Yeterli değil. Sağlıklı bir biçimde yürütülemiyor. Elde mevcut olan son yakıt da tıbbî müdahalelerde kullanılmak için bekletiliyor. Böyle bir ortamda insanlar hayat sürmeye çalışıyorlar. Ülke nüfusunun yüzde 63’ü çocuklardan ve gençlerden teşekkül ediyor. Buradaki bu genç ve dinamik nüfusun geleceğe yönelik dayanacak bir gücünün veya bir dayanağının olması gerekiyor. Nihayetinde eğer Müslümanlar, Hıristiyanlar ve Museviler bölgede birlikte yaşayacaklarsa bu zemini yok etmemeliler.
* Çocuklar bu olumsuzluklardan nasıl etkileniyor?
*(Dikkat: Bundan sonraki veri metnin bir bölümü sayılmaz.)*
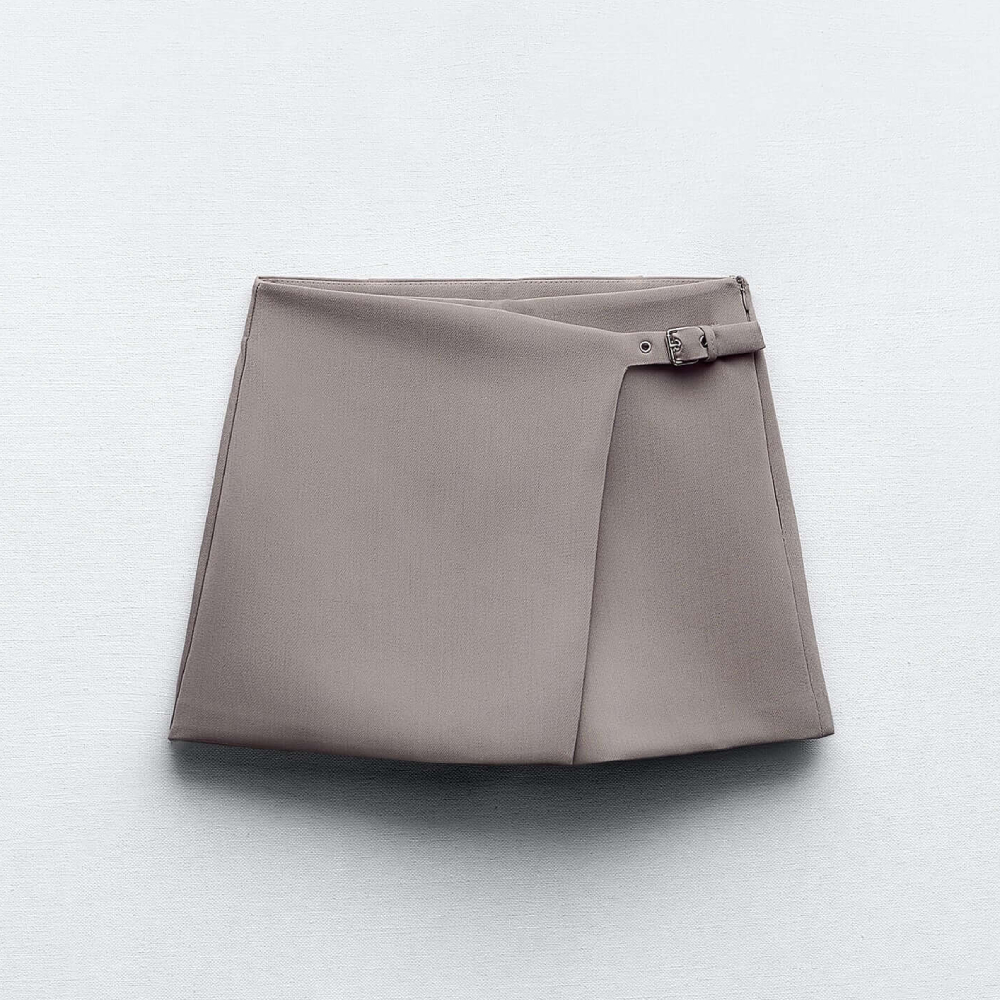 цена Юбка-шорты Zara Asymmetric, серо-коричневый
Çok olumsuz etkileniyorlar. Özellikle çocukların gelecekle ilgili umutları ve hayalleri yok denecek kadar az. Düşünebiliyor musunuz; küçücük çocuklar sürekli baskı altında ve her an ölümle burun buruna, iç içe. Orada yaşadığım bir anı beni çok derinden etkiledi. Küçük bir mezarın başında bir kadın oturmuş ağlıyordu. Kendisiyle konuşunca çocuğunun İsrail saldırılarında öldüğünü anlattı. Çocuk ölmeden önce annesine ‘İsrail askerleri çocukları küçük mermilerle vuruyorlar değil mi?’ diye sormuş. Bir anne-baba buna nasıl dayanır?
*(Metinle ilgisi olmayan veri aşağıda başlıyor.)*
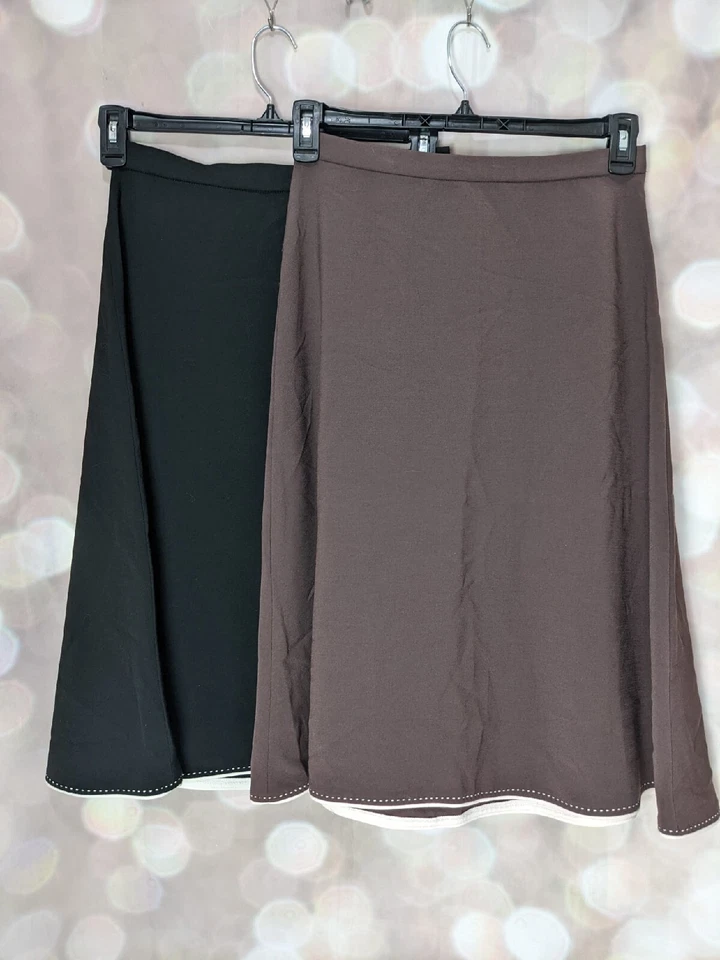 Falda para mujer QVC Dialogue marrón liso o negro línea A hasta la rodilla talla 6 Foto 1 de 1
* Dünyanın sessiz tavrına ne gibi tepkileri var?
Dünya bu son gelişmelere, özellikle uygar dünya -uygarlık böyle bir şey değil tabi, uygarlık bir sorumluluk getirir- Batı dünyası kör, sağır ve dilsiz. Dünyanın bu tavrı burada çok büyük bir sükut-u hayalle karşılanıyor. Onlar istiyorlar ki zulüm artık sona ersin, barış görüşmeleri başlasın ve normal bir insan gibi sürdürebilecekleri bir hayat gerçekleşsin. Kendi topraklarında yaşamayı, kendi evlerini, ticari müesseselerini oluşturmayı, karşılıklı ilişki geliştirmeyi istiyorlar. Yani hepimizin ne tür beklentileri varsa onların da beklentileri aynen öyle. Ama bunun ön şartı barışın hemen şimdi yapılmasıdır.
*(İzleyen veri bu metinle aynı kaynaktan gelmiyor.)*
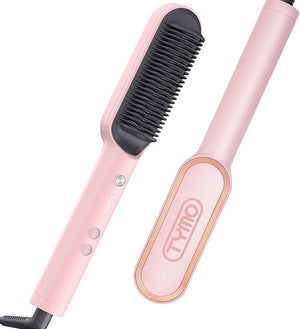 TYMO Ring Hair Straightener Brush ? Hair Straightening Iron with Built-in Comb 20s Fast Heating &amp 5 Temp Settings &amp Anti-Scald Perfect for Professional Salon at Home Sakura Pink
* Yakın bir gelecekte barış mümkün mü?
Bu bir deyiş olarak önümüze çıkıyor. Diyoruz ki, “karanlığın en koyu olduğu zaman şafağın sökme anıdır, tan yerinin ağarma anıdır.” En kısa zamanda barış ümidini taşıyoruz. İsrail’in şu anda çok güçlü gözükmesi, askeri gücünün olması kendisinde bir akıl tutulması meydana getiriyor olabilir. Ancak tarihte böyle davranan bir çok milleti biliyoruz.
* Başbakana gözlemlerinizi aktardınız. Türkiye bundan sonra neler yapmalı?
Orada Türkiye’den gitmiş onlarca sivil toplum kuruluşu var. Bölge insanları ilk defa Türkiye Cumhuriyeti hükümetine ve uyguladığı politikaların doğruluğuna bu kadar çok inanıyor. İnanıyorlar ki hükümet oradaki insanların sorunlarını çözebilecek ve barışı oluşturabilecektir. Buna olan inançları çok güçlü.
* Lübnan’a ne zaman gidiyorsunuz?
Yeryüzü doktorları olarak bugün Lübnan’a gidiyoruz. Oradaki sağlık sorunlarıyla ilgili sorunları çözebilecek miyiz diye ona bakacağız. Hem bir dayanışma, hem bir insani duruş olarak hem de yardım götürme mahiyetiyle bölgeye gidiyoruz. Oradaki sivil toplum kuruluşlarıyla, sağlık kurumlarıyla temaslarda bulunacağız.